Base quality scores are factored into the calculation of genotype likelihoods, so if they accurately reflect the probability of sequencing error, bases with low scores also carry useful information. However, base quality scores are sometimes miscalibrated, so noise may be reduced if bases with scores below a threshold (e.g., 20) are either trimmed off prior to analysis or ignored. Alternatively, all base quality scores can be recalibrated based on estimated error profiles in the data (see Section 3.1).
Mapping quality is not considered in genotype likelihood estimation in currently available tools, so it is often advisable to remove low-confidence and/or nonuniquely mapped reads prior to analysis (e.g., reads with mapping quality <20). Filtering out reads that do not map in proper pairs should also further increase confidence in reads being mapped to the correct location, but could cause biases in regions with structural variation.
To avoid sites with low or confounding data support in downstream analysis, minimum depth and/or minimum number of individual filters can be used to exclude sites with much reduced sequencing coverage compared to the rest of the genome (e.g., regions with low unique mapping rates, such as repetitive sequences). Appropriate thresholds will vary between data sets, but could, for example, exclude sites with read data for <50% of individuals (globally or within each population), or with <0.8× average depth across individuals (after filtering on mapping quality)
Maximum depth filters are used to exclude sites with exceptionally high coverage (e.g., regions that are susceptible to dubious mapping, such as copy number variants). Common maximum depth thresholds could be one or two standard deviations above the median genome-wide depth.
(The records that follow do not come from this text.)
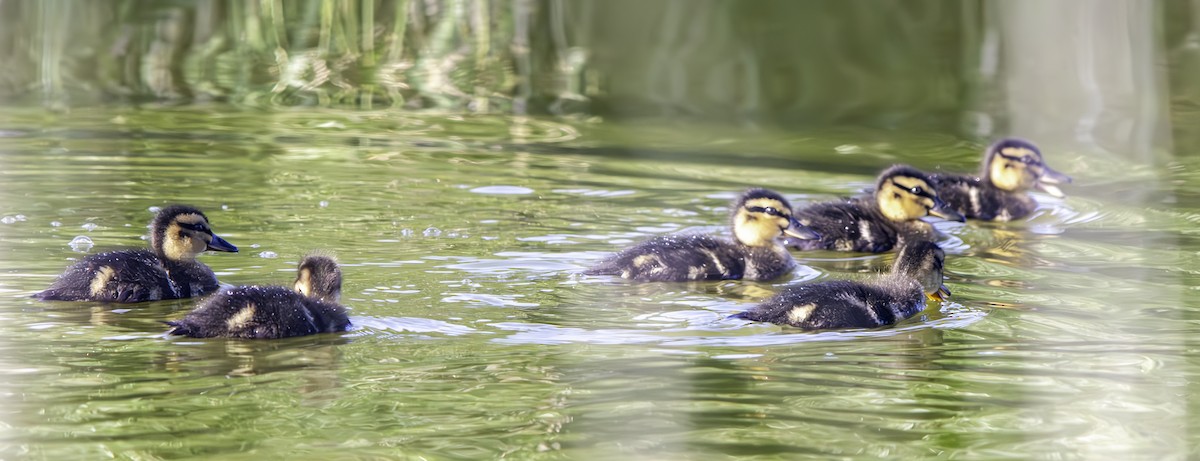 Mallard - ML625013174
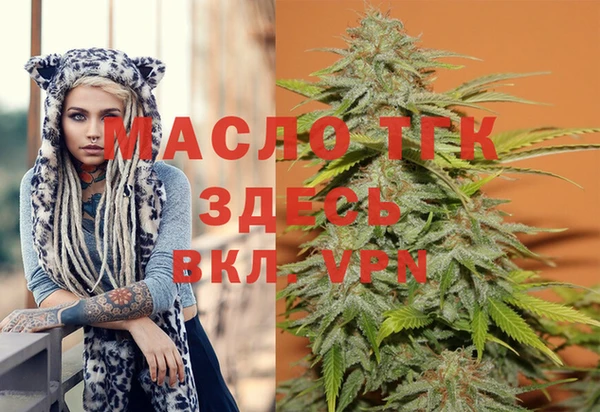 шишки Беломорск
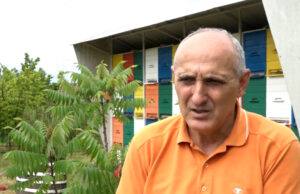 Ranija bagremova paša stvorila probleme pčelarima u Prijedoru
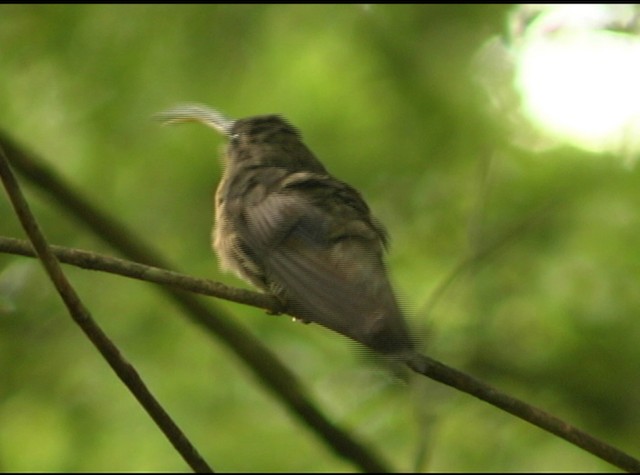 kolibřík ryšavoocasý - ML488048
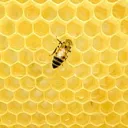 The IcyBee Hive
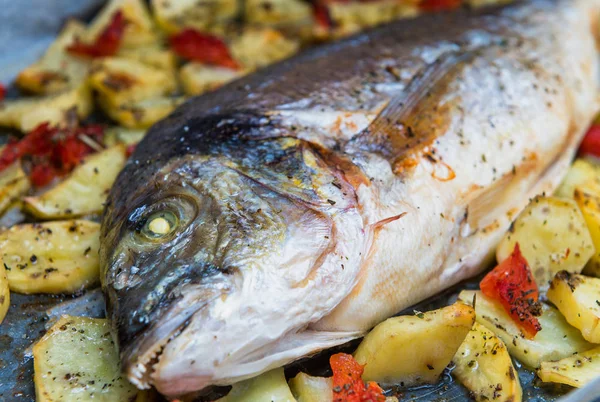 Dorate pescado con patatas y tomates —  Fotos de Stock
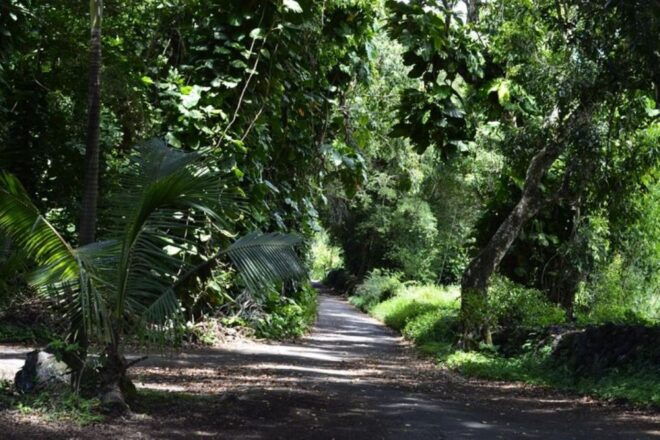 Maui: Iao Valley, Tropical Plantation & Lavender Farm Tour - Directions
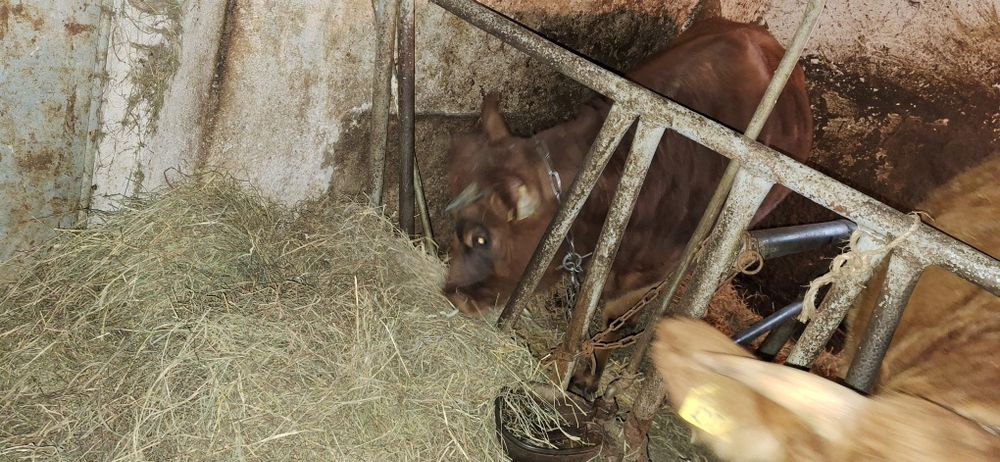 Jałówka roczna czerwona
PCR and optical duplicates can give inflated impressions of how many unique molecules have been sequenced, which—particularly in the presence of preferential amplification of one allele— could bias genotype likelihood estimation. We therefore recommend removing duplicate reads prior to any analysis.
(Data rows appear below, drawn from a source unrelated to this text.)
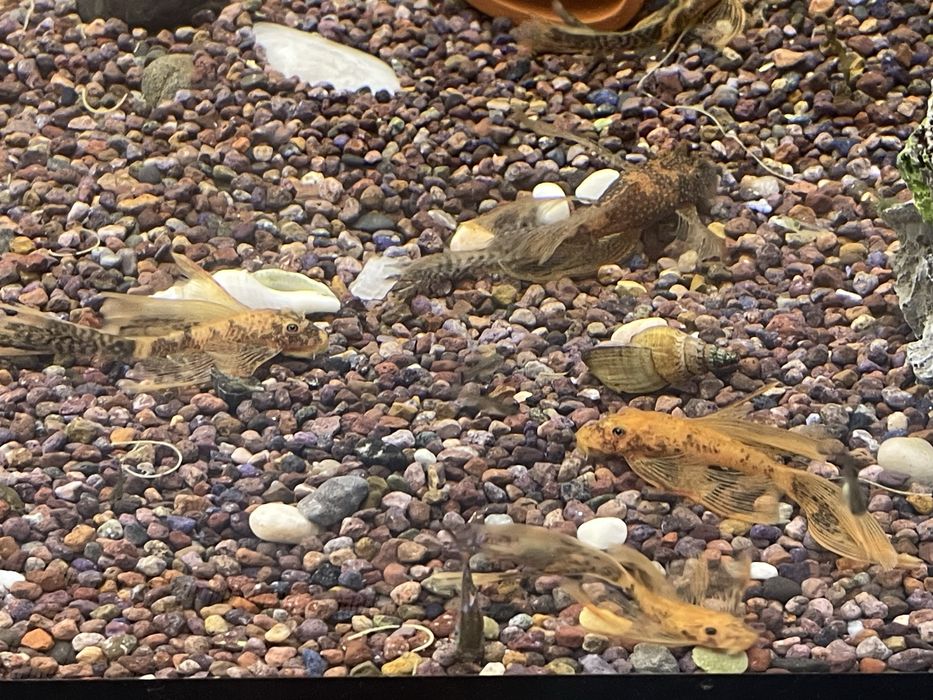 Анциструс вуалевый леопард номерные сомы LDA-016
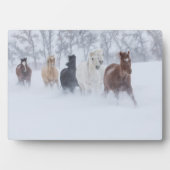 Paarden rennen door de sneeuw fotoplaat (voorkant)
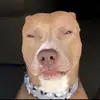 Shea Hall - @clout.clips01 - TikTok
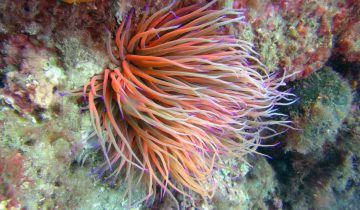 Anemonia_sulcata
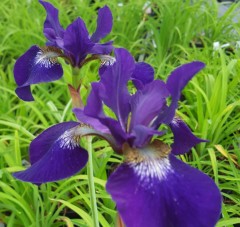 Iris sibirica Hubbard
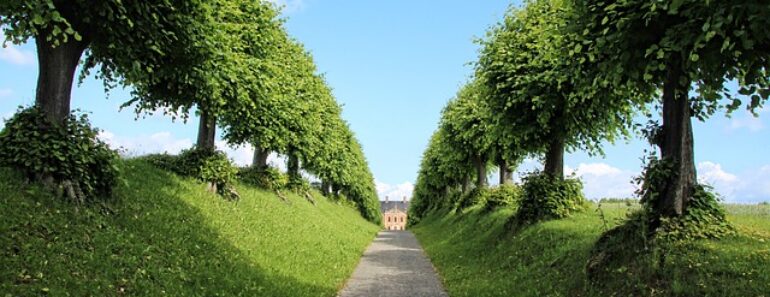 Comment choisir le broyeur de branches idéal pour votre jardin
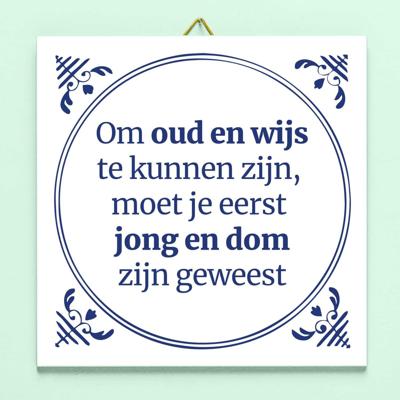 Tegeltje Jong en dom Tegeltje Jong en dom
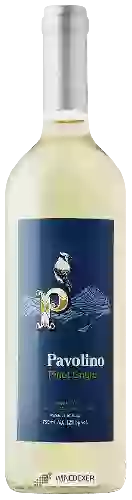 Domaine Pavolino - Pinot Grigio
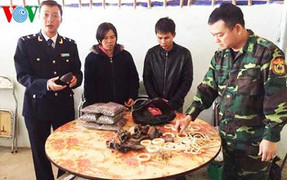Phát hiện 2 kẻ vận chuyển trái phép trên 3kg nghi ngà voi, sừng tê giác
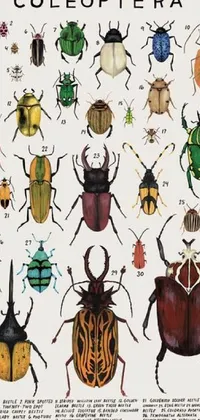 This unique live wallpaper features a colorful group of beetles sitting atop one another, creating an intricate and whimsical pattern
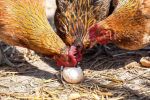 Κότες που τρώνε τα αυγά τους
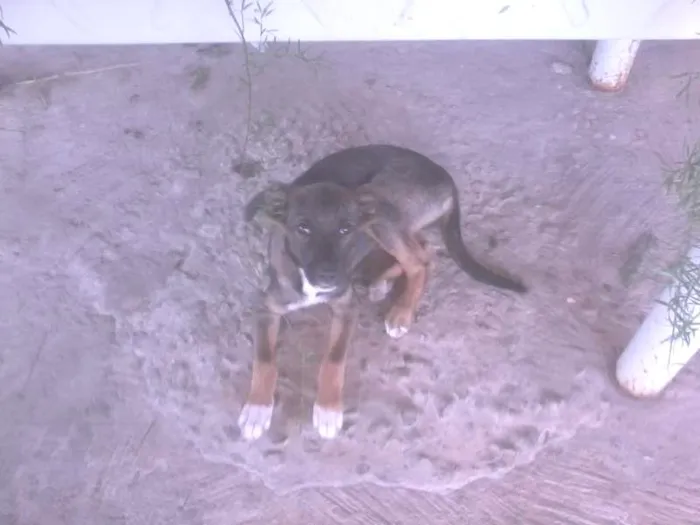 Cachorro raça Srd idade 2 a 6 meses nome Guliver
Reads mapped across indels are frequently misaligned, especially if the ends of reads span an indel. To avoid false SNP calls, we recommend either using dedicated tools to realign reads covering indels, using a haplotype-based variant caller (e.g., freebayes or gatk) to estimate genotype likelihoods, or excluding bases flanking indels.
If the DNA insert in a library fragment is shorter than the combined length of paired reads, there will be a section of overlap between the forward and reverse reads. While some variant callers (e.g., gatk) account for the pseudoreplication in overlapping ends of read pairs, the current implementation of angsd treats each end of a read pair as independent (this may change in a future release (T. Korneliussen, personal communication)). When treated as independent, read support for overlapping sections will be “double counted,” which may bias genotype likelihoods. A conservative approach is to soft-clip one of the overlapping read ends.
The significance threshold (often in the form of maximum p-value) can be adjusted to fine-tune the sensitivity of polymorphism detection, with lower p-values leading to fewer, but higher confidence, SNP calls. A commonly used cut-off is 10 −6.
Most software programs for downstream analyses assume that all SNPs are biallelic, so SNPs with more than two alleles can be filtered out in the SNP identification step to avoid violation of such assumptions.
For many types of analysis, such as PCA, admixture analysis, detection of FST outliers and estimation of LD, low-frequency SNPs are uninformative and can even bias results (e.g. Linck & Battey, 2019; Roesti et al., 2012). For those types of analysis, imposing a minimum MAF filter of 1%–10% can substantially speed up computation time. Appropriate thresholds depend on coverage, sample size (how many copies does an MAF threshold correspond to) and the type of downstream analysis.
For comparison of parameter estimates for multiple populations, it is important to ensure that data are obtained for a shared set of sites and that SNP polarization (which allele we track the frequency of) is consistent. For programs such as angsd where population-specific estimates are obtained by analysing the data from each population separately, a good strategy is to first conduct a global SNP calling with all samples and then restrict population-specific analysis to those SNPs with consistent major and minor allele designations (-doMajorMinor 3 in angsd) no MAF or SNP p-value filter (because that would incorrectly generate “missing data” if a site is fixed in a particular population).